What I learned today at SIGGRAPH 2010

  • Sharp has a prototype 5-colour display (RGBYC) that is simply gorgeous, and will make people who just bought their 4-colour (RGBY) display jealous.

Image Statistics

  • If you make your image’s histogram flat, or its cumulative histogram have a roughly 45-degree slope (these are equivalent), its contrast will be higher and people will like how it looks.
  • However, matching histograms between images, while it can make one image have the colour palette of another, doesn’t produce pleasing results.
  • If you calculate the x and y gradients of a large volume of natural images (pictures of the real world), there is a large peak at a gradient value of zero.
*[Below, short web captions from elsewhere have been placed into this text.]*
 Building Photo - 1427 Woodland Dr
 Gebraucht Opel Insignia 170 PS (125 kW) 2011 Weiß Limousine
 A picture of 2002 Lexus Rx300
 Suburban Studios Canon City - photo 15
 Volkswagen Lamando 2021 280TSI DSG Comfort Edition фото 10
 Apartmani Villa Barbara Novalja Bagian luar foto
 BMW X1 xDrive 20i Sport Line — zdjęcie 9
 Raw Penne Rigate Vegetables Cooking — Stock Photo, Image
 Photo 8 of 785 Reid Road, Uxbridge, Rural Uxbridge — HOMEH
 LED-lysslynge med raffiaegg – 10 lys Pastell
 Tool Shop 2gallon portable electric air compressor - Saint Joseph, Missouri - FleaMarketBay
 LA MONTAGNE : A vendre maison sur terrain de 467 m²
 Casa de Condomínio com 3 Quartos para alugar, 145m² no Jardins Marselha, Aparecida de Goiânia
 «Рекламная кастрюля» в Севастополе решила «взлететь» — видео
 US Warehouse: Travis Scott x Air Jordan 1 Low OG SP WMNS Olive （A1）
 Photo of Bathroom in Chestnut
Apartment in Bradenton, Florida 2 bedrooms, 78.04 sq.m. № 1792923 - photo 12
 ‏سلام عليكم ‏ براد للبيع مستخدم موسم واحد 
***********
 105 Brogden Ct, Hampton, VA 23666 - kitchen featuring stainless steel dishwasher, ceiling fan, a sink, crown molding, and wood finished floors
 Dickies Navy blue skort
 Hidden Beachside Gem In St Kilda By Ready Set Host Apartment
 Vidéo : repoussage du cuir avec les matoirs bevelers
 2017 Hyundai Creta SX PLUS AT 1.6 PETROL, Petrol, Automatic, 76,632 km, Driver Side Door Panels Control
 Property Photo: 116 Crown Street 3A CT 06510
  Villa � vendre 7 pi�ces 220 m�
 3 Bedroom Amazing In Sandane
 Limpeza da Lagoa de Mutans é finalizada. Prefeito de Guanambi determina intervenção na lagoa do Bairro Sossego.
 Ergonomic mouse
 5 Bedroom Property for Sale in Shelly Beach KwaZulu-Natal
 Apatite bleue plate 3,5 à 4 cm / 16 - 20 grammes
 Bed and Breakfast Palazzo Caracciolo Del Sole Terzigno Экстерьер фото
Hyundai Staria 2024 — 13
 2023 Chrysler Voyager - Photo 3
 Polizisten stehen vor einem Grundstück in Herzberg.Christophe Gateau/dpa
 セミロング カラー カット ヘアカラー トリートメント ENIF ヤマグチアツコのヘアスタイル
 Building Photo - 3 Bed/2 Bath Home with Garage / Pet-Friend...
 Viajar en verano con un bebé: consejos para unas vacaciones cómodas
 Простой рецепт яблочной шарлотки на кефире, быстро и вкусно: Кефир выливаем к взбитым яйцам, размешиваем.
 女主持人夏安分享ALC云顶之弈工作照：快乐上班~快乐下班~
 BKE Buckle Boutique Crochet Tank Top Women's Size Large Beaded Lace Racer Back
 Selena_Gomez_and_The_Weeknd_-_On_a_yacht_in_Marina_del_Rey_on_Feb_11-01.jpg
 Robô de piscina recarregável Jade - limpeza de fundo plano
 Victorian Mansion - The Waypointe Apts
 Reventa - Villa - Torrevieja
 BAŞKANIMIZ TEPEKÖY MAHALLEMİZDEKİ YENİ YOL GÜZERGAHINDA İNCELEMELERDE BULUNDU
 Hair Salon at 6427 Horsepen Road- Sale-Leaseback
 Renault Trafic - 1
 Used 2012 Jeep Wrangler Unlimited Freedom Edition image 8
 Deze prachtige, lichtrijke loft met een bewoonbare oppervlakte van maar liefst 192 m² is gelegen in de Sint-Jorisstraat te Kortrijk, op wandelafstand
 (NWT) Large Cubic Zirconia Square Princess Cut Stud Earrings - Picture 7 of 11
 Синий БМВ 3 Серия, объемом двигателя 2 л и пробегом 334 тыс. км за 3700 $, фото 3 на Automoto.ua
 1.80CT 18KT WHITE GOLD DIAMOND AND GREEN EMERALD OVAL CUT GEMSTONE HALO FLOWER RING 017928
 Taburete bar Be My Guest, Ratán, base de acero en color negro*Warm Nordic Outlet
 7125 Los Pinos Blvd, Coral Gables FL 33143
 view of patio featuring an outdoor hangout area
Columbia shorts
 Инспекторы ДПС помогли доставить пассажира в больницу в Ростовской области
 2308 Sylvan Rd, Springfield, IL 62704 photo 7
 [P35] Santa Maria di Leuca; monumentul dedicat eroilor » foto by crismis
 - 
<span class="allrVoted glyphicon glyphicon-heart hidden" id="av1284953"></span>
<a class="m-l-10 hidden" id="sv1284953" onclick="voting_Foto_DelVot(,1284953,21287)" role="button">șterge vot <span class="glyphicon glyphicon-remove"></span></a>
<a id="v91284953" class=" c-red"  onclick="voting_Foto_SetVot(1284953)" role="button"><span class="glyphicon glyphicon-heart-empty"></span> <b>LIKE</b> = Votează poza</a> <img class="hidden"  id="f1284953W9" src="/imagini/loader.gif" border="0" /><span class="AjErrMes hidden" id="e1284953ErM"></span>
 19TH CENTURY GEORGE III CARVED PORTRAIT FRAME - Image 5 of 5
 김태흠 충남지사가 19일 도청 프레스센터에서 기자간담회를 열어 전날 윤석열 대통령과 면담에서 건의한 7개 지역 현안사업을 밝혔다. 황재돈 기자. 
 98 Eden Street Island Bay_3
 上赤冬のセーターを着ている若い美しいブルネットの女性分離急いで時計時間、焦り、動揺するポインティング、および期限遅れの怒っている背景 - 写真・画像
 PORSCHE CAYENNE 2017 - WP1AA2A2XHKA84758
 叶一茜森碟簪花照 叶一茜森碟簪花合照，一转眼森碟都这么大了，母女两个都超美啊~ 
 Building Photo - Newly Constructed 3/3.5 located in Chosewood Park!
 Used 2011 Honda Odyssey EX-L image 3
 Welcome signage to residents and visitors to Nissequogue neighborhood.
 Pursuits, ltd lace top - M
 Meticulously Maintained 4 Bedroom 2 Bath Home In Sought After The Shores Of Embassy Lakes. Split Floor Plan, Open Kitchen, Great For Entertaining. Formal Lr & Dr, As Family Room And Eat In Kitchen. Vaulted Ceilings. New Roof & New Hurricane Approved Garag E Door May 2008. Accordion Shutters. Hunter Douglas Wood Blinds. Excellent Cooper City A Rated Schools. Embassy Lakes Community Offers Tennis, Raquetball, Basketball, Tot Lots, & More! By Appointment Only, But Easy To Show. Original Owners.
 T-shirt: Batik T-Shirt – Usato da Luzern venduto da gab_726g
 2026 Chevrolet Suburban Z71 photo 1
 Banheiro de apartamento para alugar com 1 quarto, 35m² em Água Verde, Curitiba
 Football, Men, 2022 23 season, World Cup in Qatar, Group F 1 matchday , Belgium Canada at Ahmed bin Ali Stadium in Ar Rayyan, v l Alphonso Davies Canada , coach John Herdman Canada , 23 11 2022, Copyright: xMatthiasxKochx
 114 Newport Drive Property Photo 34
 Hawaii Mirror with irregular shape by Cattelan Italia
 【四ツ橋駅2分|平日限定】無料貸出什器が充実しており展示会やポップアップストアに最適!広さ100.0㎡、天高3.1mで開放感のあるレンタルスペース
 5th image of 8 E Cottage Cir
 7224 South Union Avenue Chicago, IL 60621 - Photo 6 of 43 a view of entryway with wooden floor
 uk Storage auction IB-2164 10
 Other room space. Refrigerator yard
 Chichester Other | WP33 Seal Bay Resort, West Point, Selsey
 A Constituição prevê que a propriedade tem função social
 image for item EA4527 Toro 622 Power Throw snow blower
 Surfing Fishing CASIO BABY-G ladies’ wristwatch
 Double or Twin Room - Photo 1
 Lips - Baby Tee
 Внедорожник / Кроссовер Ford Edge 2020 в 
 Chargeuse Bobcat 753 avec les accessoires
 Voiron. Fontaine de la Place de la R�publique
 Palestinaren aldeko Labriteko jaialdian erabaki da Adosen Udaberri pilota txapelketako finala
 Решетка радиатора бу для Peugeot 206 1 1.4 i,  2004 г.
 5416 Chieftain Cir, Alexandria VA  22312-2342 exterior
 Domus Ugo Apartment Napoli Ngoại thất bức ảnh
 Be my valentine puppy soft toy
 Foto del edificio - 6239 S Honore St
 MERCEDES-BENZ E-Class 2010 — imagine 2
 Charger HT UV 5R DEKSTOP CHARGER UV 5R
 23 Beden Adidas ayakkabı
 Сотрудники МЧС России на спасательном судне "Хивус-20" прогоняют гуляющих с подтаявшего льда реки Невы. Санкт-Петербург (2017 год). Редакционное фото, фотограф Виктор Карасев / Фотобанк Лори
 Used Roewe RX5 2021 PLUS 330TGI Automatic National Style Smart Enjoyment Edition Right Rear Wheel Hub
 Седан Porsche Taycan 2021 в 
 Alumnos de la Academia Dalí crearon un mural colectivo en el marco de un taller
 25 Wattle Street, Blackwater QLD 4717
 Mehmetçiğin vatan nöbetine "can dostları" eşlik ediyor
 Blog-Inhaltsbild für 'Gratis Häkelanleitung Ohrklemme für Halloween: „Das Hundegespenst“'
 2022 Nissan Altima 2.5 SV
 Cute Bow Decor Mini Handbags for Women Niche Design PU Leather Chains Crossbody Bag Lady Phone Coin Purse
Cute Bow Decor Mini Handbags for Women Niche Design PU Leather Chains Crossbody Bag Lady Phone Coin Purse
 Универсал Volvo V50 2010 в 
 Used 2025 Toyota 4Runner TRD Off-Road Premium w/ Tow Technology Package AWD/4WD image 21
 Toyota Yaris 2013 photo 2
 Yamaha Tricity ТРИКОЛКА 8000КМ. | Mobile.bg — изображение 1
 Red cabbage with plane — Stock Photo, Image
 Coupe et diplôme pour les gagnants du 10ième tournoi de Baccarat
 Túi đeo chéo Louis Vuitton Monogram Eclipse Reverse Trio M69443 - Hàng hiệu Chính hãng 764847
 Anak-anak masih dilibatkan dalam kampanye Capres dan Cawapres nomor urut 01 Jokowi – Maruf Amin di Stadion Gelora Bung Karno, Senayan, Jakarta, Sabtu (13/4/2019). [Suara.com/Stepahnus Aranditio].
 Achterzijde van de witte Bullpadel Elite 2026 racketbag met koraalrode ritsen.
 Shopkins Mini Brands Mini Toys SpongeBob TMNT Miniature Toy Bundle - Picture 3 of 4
This implies that most of the natural world is composed of large homogenous surfaces instead of having lots of edges.
  • Further, the distribution of those gradients, both in x and y, falls off very quickly, implying that those edges that exist are mostly low contrast.
  • Finally, the distribution of those gradients is symmetric about 0, meaning that surfaces are mostly on top of the same background, like a window in a house.
  • If you take the power spectrum of an image, on average it follows the power law: A = 1 / fβ. If you plot these spectra on a logarithmic scale, you get a straight line with a slope of β.
  • Human beings are most sensitive to slopes of β = 2.8 to 3.2, but the average spectral slope of images is about 2.0. This implies that we’re tuned to see things that are really coarse, even though the average scene isn’t that way.
  • If you control for orientation, you figure out what an image is a picture of very effectively just by looking at their 2D power spectra!
  • PCA, Principal Component Analysis, is simply a method of computing the eigenvalues and eigenvectors of a set of data. This lets you figure out (by looking at which eigenvalue is the largest) where most of the variance of a set of data is; by sorting the values, you can figure out what your most important components are.

2 comments

  1. Which begs the question, which sort of images have spectral slopes within the range that human beings are sensitive to? Faces, perhaps?

    • They’d have huge expanses of surfaces, and very few edges, mostly low-contrast. I don’t know whether faces would qualify for that.